Für Fans der Serie Motherland: Fort Salem gab es vergangene Woche gleich zwei Überraschungen: Zum einen, dass – ganz ohne Ankündigung – die dritte und leider letzte Staffel endlich auch in Deutschland veröffentlicht wurde. Zum anderen wo die Staffel veröffentlicht wurde: Nicht mehr, wie die vorherigen Staffeln, bei Amazon Prime, sondern bei Disney+. Das war zwar fast zu erwarten, nachdem dort seit einigen Monaten auch schon die ersten beiden Staffeln verfügbar sind. Das aber so gar nicht zu kommunizieren, ist irgendwie schwach, und zwar sowohl von Amazon Prime als auch von Disney+.

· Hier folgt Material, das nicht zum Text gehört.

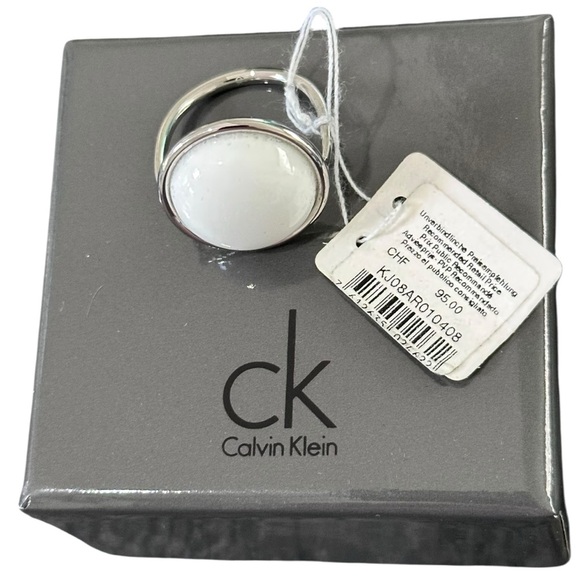 Calvin Klein NWT Loop Two Tone Ring with a Round White Coral Stone Size 9 - Picture 2 of 8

Wie dem auch sei, ich habe am Wochenende gleich reingesehen und mich über das Wiedersehen mit Raelle, Scylla, Tally, Abigail und ihren Verbündeten aus Fort Salem gefreut. Ich habe mich aber noch aus einem anderen Grund gefreut, der nichts mit dem Inhalt der Serie selbst zu tun hat. Denn jede Folge, bei der am Ende des Vorspanns „Directed by Amanda Tapping“ steht, erinnert mich an einen wunderbaren Abend in London vor einigen Monaten. Da saß ich an einem Tisch mit Amanda Tapping und sie hat u.a. von den Dreharbeiten zu eben dieser dritten Staffel erzählt, bei der sie nicht nur als Regisseurin, sondern auch als Produzentin fungiert hat.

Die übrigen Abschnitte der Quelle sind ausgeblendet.